What do I bring to the role of Wandabook? Well, I read travel-related books probably like you –voraciously. I lust for them. They call me from the aisle of every book store and library, they overflow my bookshelves, they rest at odd angles on my small bedside table, hide under the couch and children’s car seats and make my shoulder bag sag. Having spent a lifetime consuming travel books I am also a traveler and writer, adding my own words to the toppling piles. I write a lot about getting lost.
Assuming the mantle of Wandabook (I imagine her costume has a waterproof/windproof cape, a capacious backpack, constantly changing hair hues like Hogwart’s Nymphadora Tonks and a good pair of hiking boots ) is a solemn undertaking. As Wandering Booklust Reader and Weeder, I aim to share those books that you and I find tremendously useful and serendipitously delightful. We love them so much that they become well- thumbed permanent additions to our own tumbling piles of travel books. The ones we don’t love go to stabilizing the sofa’s legs.
Imagine this: Wandering Booklust profiles a gorgeous book, just the one to take with us on our next trip or over to that cozy armchair or warm tub. We read it cover to cover and then slowly go through it again. Maybe we wander back streets of faraway small villages reading it when we stop for a rest, a coffee, a glass of wine, or squint under a starry sky with only a candle or a powermag super-shine flashlight to see by.

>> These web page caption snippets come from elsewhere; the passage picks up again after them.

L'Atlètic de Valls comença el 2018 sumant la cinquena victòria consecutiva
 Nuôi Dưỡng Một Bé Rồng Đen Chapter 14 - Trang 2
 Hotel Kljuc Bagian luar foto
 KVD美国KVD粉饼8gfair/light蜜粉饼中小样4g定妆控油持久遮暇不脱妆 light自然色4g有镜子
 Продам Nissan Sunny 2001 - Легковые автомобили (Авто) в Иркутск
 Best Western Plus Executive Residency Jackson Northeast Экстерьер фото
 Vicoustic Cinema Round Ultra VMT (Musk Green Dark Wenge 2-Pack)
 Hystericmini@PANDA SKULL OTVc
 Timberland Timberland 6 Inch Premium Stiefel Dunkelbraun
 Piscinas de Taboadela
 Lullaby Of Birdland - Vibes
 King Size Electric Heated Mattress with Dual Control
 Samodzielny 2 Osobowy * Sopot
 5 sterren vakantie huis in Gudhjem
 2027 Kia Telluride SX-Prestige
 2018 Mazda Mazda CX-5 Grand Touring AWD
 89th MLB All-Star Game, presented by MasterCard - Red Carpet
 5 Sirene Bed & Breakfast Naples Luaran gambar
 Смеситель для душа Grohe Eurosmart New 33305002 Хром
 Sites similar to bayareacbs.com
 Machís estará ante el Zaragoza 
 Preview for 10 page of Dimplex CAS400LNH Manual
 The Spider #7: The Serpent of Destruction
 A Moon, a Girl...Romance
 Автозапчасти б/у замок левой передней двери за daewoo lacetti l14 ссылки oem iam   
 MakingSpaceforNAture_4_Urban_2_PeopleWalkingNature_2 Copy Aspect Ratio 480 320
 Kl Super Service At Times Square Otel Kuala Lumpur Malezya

When we’re finished, (really finished) we give it to a friend or a new acquaintance or leave it opened to page 134 on a park bench for strangers because we want them to have that experience as well. When we get home or weeks pass, we realize that we must have (Must Have!) our own copy of that lovely book back in our nest and we buy a new one. This pristine copy has no bent pages, no wine stains, no leaves or train ticket stubs tucked in as place holders, no mysterious phone numbers or directions in the margins; it has never been dropped in the bathtub. We wonder what our old copy’s new readers are making of all that.
Those books are out there now, just waiting for us. Calling all Wandering Booklusters– let’s go!